На заводе, как в зеркале, повторилась школьная история. Опять те же издевательства, тот же нажим и идеологический прессинг.
Нет, такая жизнь меня точно не устраивала, а к иной меня не допускали. И снова было отчего впасть в отчаяние. Правда, моё существование немного скрашивал родной Щёлковский народный театр, но разочарование от вступительных экзаменов сильно деформировало стройную картину мира. К тому ж стремительно приближалось совершеннолетие, что автоматически влекло за собой армейский призыв.
Советский солдат
До сих пор не устаю удивляться, насколько я был советским человеком. Мощная промывка мозгов в школе и на заводе отлично сделала своё дело. Ведь в армию я мог не идти, либо, уж если и идти, то в гораздо более комфортном варианте.
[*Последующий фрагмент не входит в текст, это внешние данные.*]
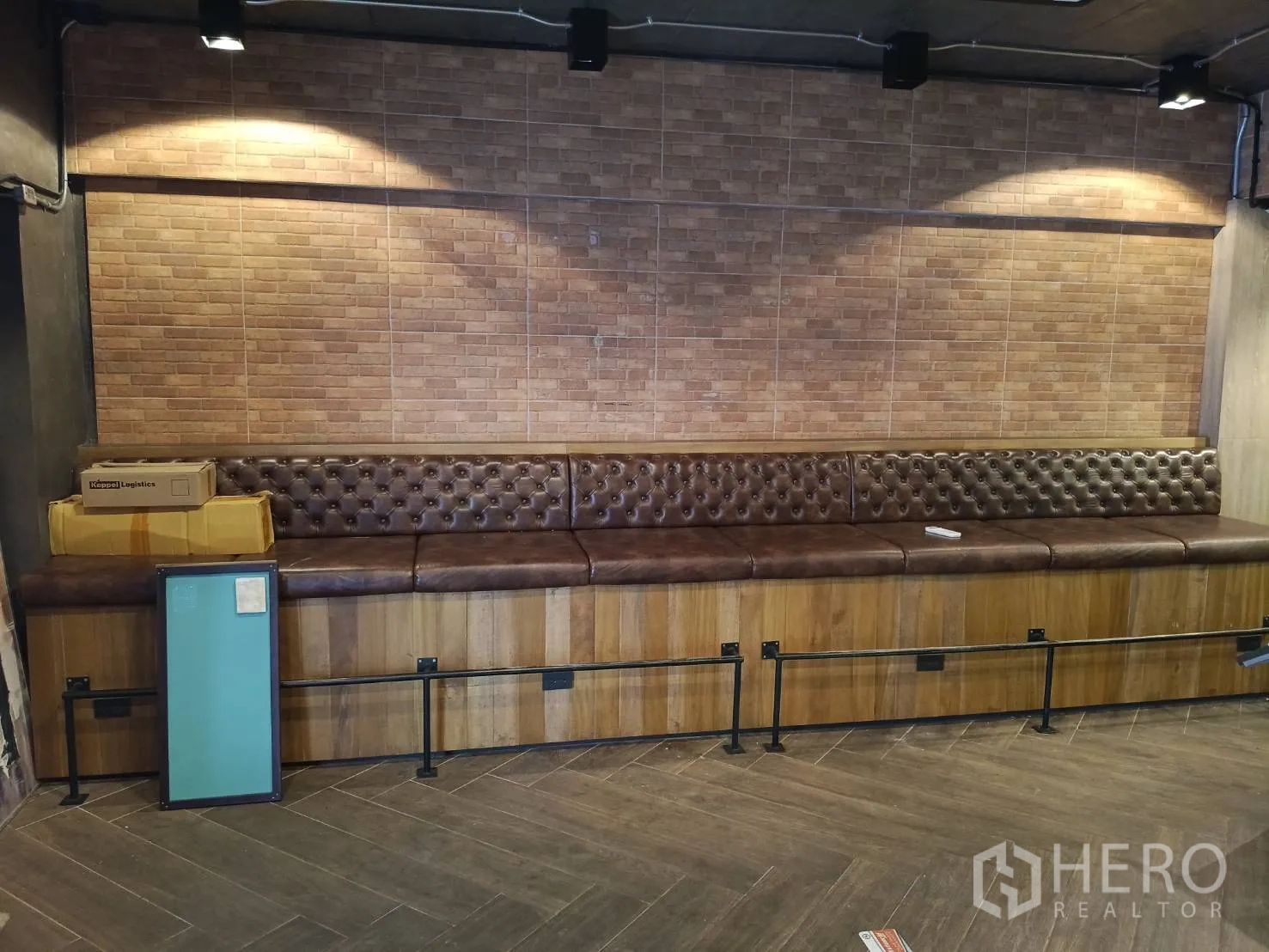 Retail Space for rent - Long tufted leather banquette against a brick accent wall under spotlights.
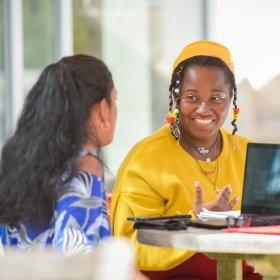 Two female St. John's students talking outside at table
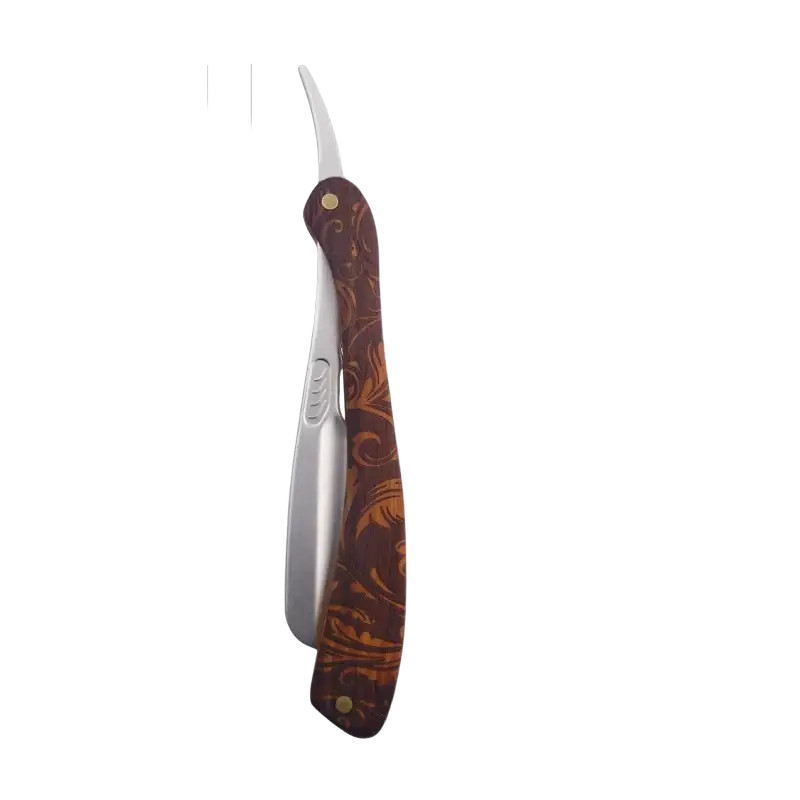 Brown leather-handled folding razor with ornate gold leaf pattern and silver blade shown with replacement blade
Как я уже писал, в младенчестве я переболел полиомиелитом, отчего у меня сохранилась пожизненная хромота. При подобном диагнозе, да и некоторой актёрской сноровке, ничто не мешало немного педалировать свой недуг и вовсе освободиться от военного призыва или по крайней мере стать годным к нестроевой службе. Я же, снедаемый чувством, что должен пойти служить, как и все окружавшие меня сверстники, наоборот, всячески пытался затушевать проблемы с ногами. Мне это прекрасно удалось, и родина направила меня выполнять священный долг на Дальний Восток, на стыке китайской и монгольской границ, в строевые части.
В начале 70-х годов это было самое неспокойное место во всём необъятном Советском Союзе. Ещё совсем недавно произошёл советско-китайский вооружённый конфликт на острове Даманском, и мелкие стычки возникали повсеместно. Часть, где мне довелось служить, находилась в постоянной боевой готовности, муштровали нас по полной программе, и нельзя сказать, что это было лишено всякого смысла. Угроза большого конфликта с недавними «братьями навек» китайцами висела над нами постоянно. Наш противник был совсем не условный, а вполне реальный, и при хорошей погоде мы отчётливо видели не только их лица, но и кулаки, сжимаемые в нашу сторону.
В армии я понял, что издевательства надо мной в школе и на заводе были ещё цветочками. Вот где машина подавления работала на полную мощь, без выходных и праздников, рождая всё новые способы унижения, лишая человека остатков чувства собственного достоинства, заставляя совсем ещё молодых людей терять человеческий облик. Одновременно не простаивал и идеологический пресс — в лице цепочки замполитов, комсоргов и прочих идеологических армейских работников, пытавшихся непрерывным пропагандистским усердием оправдать свой, по советским масштабам, вполне белый хлеб с приличным куском масла. Нам, и так измученным постоянной военной подготовкой, в свободное от неё время активно промывали мозги, дабы усилить любовь к родной армии и ненависть к предполагаемому противнику. Целесообразность и эффективность этих занятий стремились к нулю. Армия делала всё, чтобы любить её было не за что, но перебежать в Китай к вероятному противнику, либо в Монголию к потенциальному стороннику желающих не находилось. Китай тогда был не нынешний, и путали нас им не зря. А про монгольскую нищету слагали легенды.